The Climate Security Act of 2019 was also cosponsored by Senators Ben Cardin (D-MD), Chris Coons (D-DE), Tom Udall (D-NM), Chris Murphy (D-CT), Tim Kaine (D-VA), Ed Markey (D-MA), Jeff Merkley (D-OR), Cory Booker (D-NJ) and Brian Schatz (D-HI).
“President Trump has halted efforts to mitigate the impact of climate change and continues to deny scientific evidence that underscores the severity of this issue. It’s now on Congress to step in and respond to the stark warnings from our scientists and national security experts and take meaningful action to combat the effects of climate change,” said Shaheen. “This isn’t a matter of opinion or ideology – this is science. Climate change is real and it poses very serious threats to our national security, from leaving our military facilities vulnerable to extreme weather disasters to the impact on humanitarian crises around the globe. Ignoring the facts will put Americans in danger, at home and abroad.”
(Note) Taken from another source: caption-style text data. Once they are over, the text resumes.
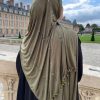 Hijab Jersey Luxe Jacquard à strass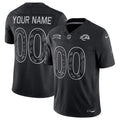 Custom Men/Women/Youth Los Angeles Rams 2026 Salute to Service Black Limited Stitched Jersey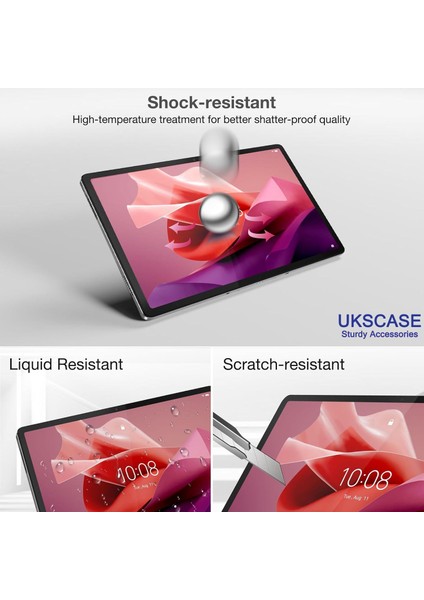 Lenovo Tab P12 (12.7-Inch, 2023) Uyumlu Nano Cam Ekran Koruyucu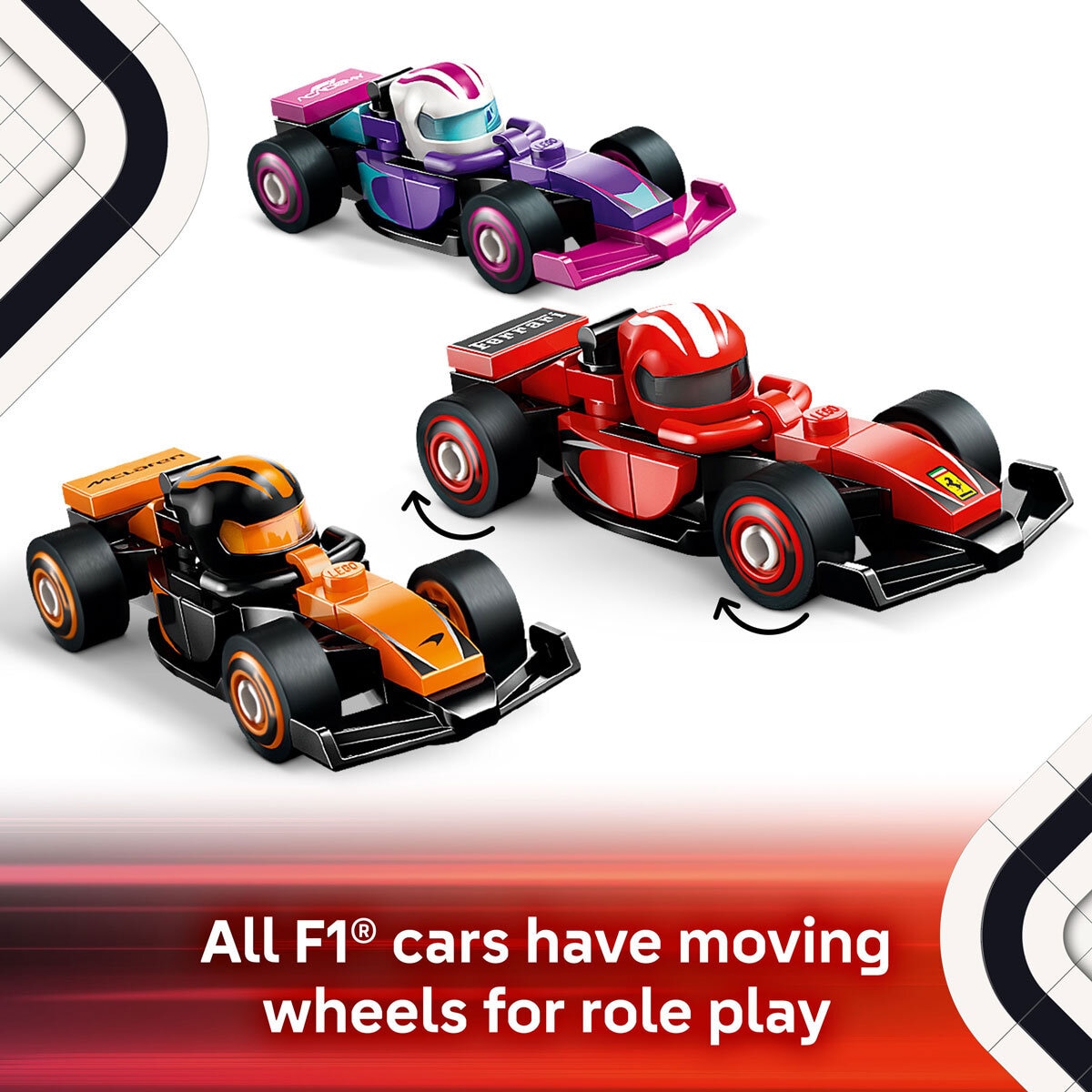 LEGO Minifigures F1® Collectible Race Cars - Model 71049 (6+ Years)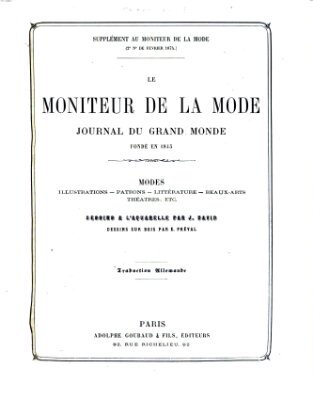 Le Moniteur de la mode Samstag 14. Februar 1874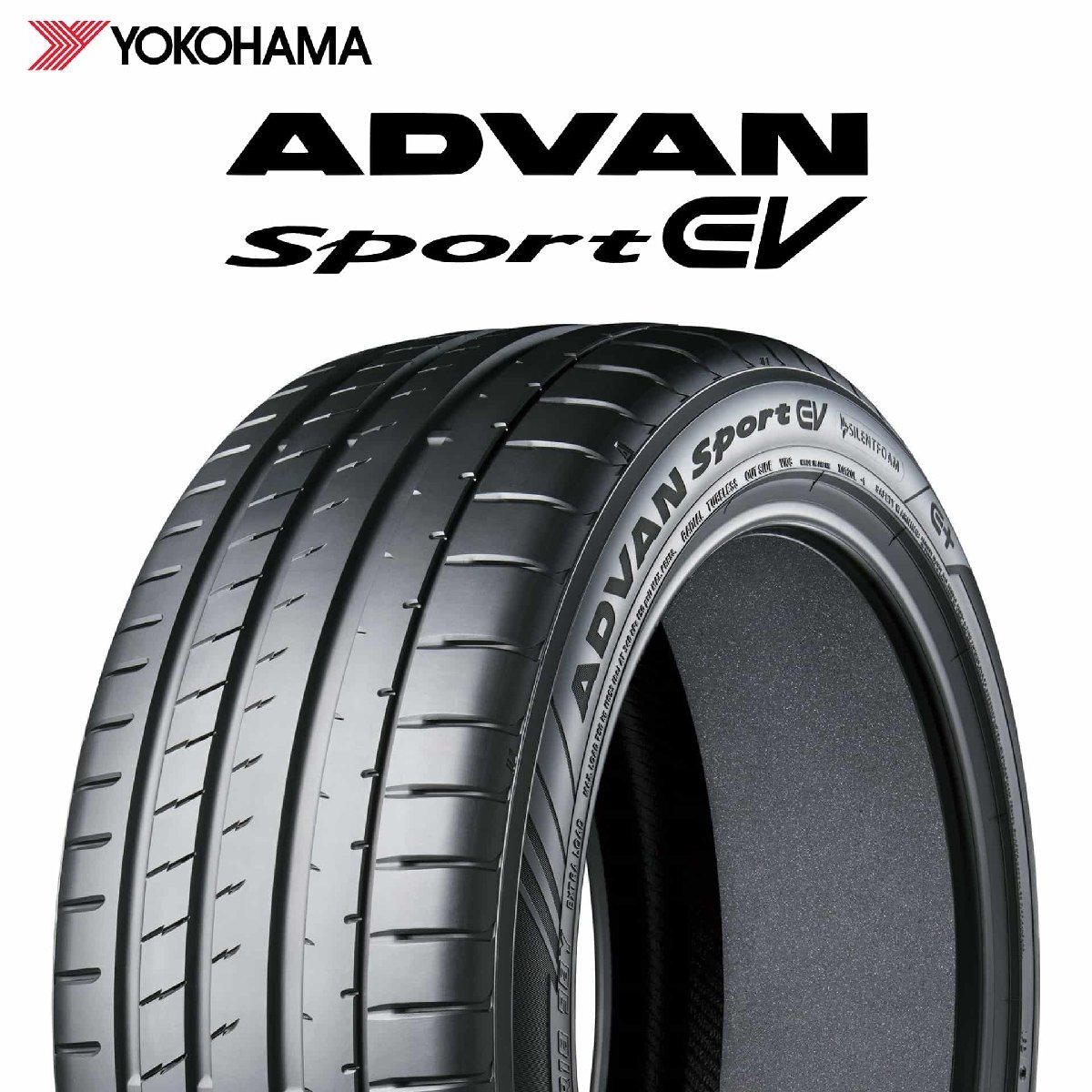 235/35R20 92Y XL YOKOHAMA ADVAN Sport EV V108 SILENTFOAM タイヤ 25年製 日本製 新品 ヨコハマタイヤ アドバン スポーツ V108 20インチ拍卖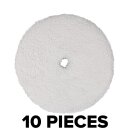 Set of 10 Microfiber Polishing Pads 150/130mm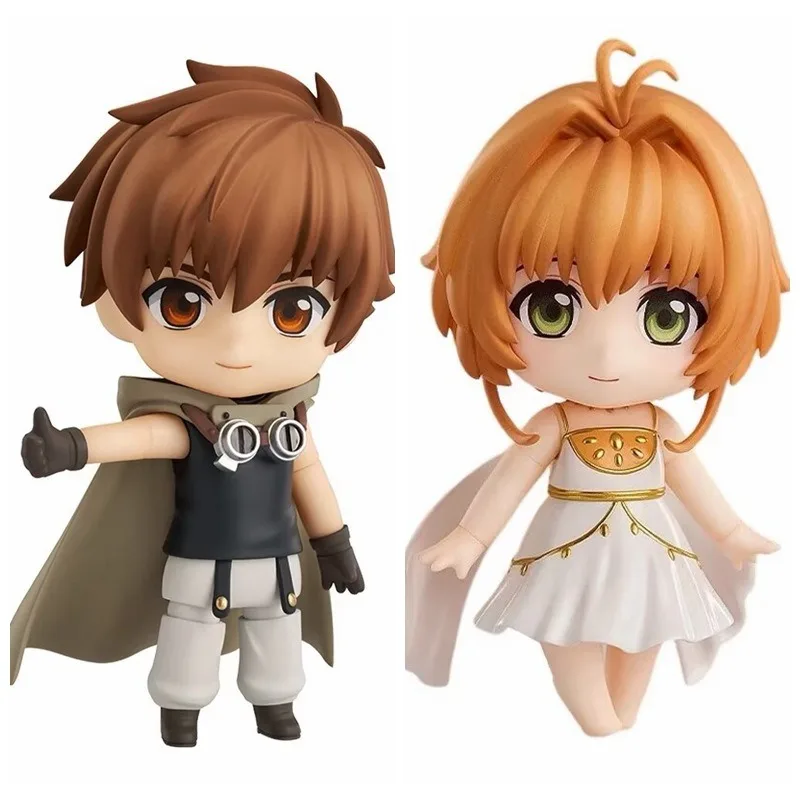 Tsubasa Reservoir Chronicle Clay Person 2153 Syaoran 2152 Sakura Movable Action Figurine Desk Anime Model Toys Figures Gift 10CM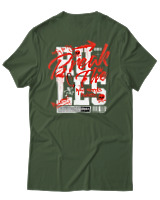 T-Shirt Αντρικό - Break The Rules - Color Thumbnail Κυπαρισσί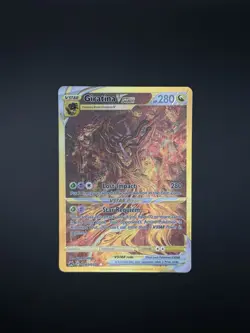 Giratina VSTAR GG69/GG70 Crown Zenith Galarian Gallery Gold Secret Rare Pokemon - Image 2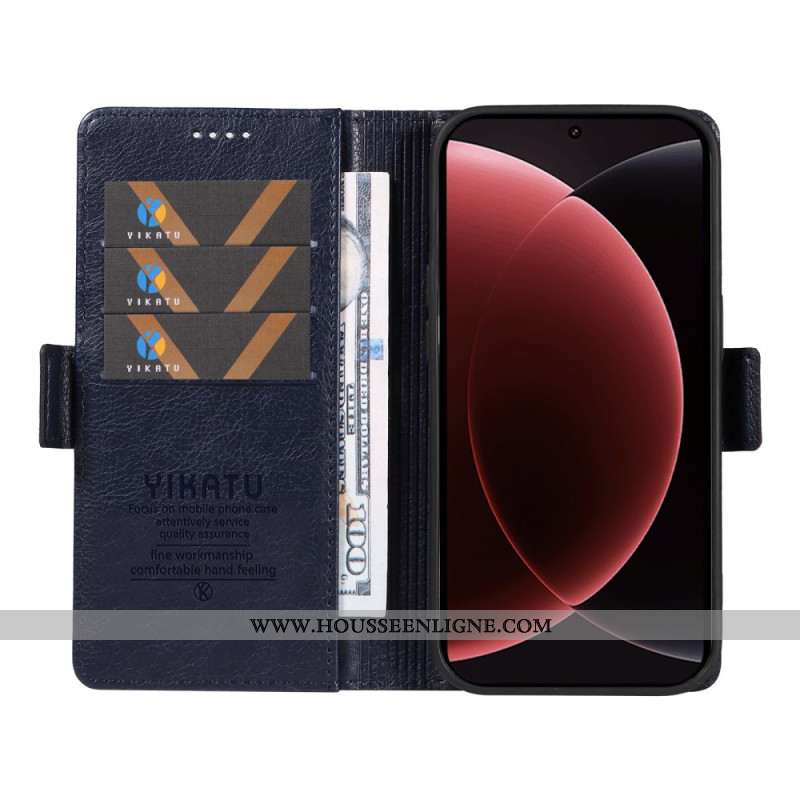 Housse Xiaomi 15 Ultra Simili Cuir Litchi YKATU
Just last week, more than 50 former senior military and national security officials security officials, including former Secretary of State John Kerry and former Secretary of Defense Chuck Hagel, penned a letter to the President emphasizing the need to include climate change in national security planning. The Climate Security Act of 2019 provides the statutory muscle necessary to address this need.
For decades, and across both Democratic and Republican administrations, the integration of climate change data and forecasting has grown increasingly important and relevant to accurate national security planning and intelligence gathering. In 2014, the Department of Defense, in its Quadrennial Defense Review, labelled the effects of climate change as a “threat multiplier” that both creates technical challenges for military readiness and increases shocks and stresses in vulnerable countries currently in or on the verge of conflict.
Key provisions of The Climate Security Act of 2019 include:
- Establishing a “Climate Security Envoy” within the State Department responsible for developing strategies for improving the integration of climate change science, data and forecasting in national security operations as well as facilitating interagency collaboration between the federal government’s science and security agencies.
- Outlining policies for how climate change data and forecasting should inform national security planning and analysis, while calling for periodic global assessments on the risks climate change poses to national and global security.
- Formally reestablishing the Special Envoy for the Arctic. The Arctic region is undergoing rapid and dramatic changes due to climate change, which in turn is creating new security challenges, driven by aggressive expansion of Russian influence and naval activity in the region that requires specials attention from the State Department in the form of this Special Envoy. President Trump dismantled the Special Envoy to the Arctic’s office in 2017.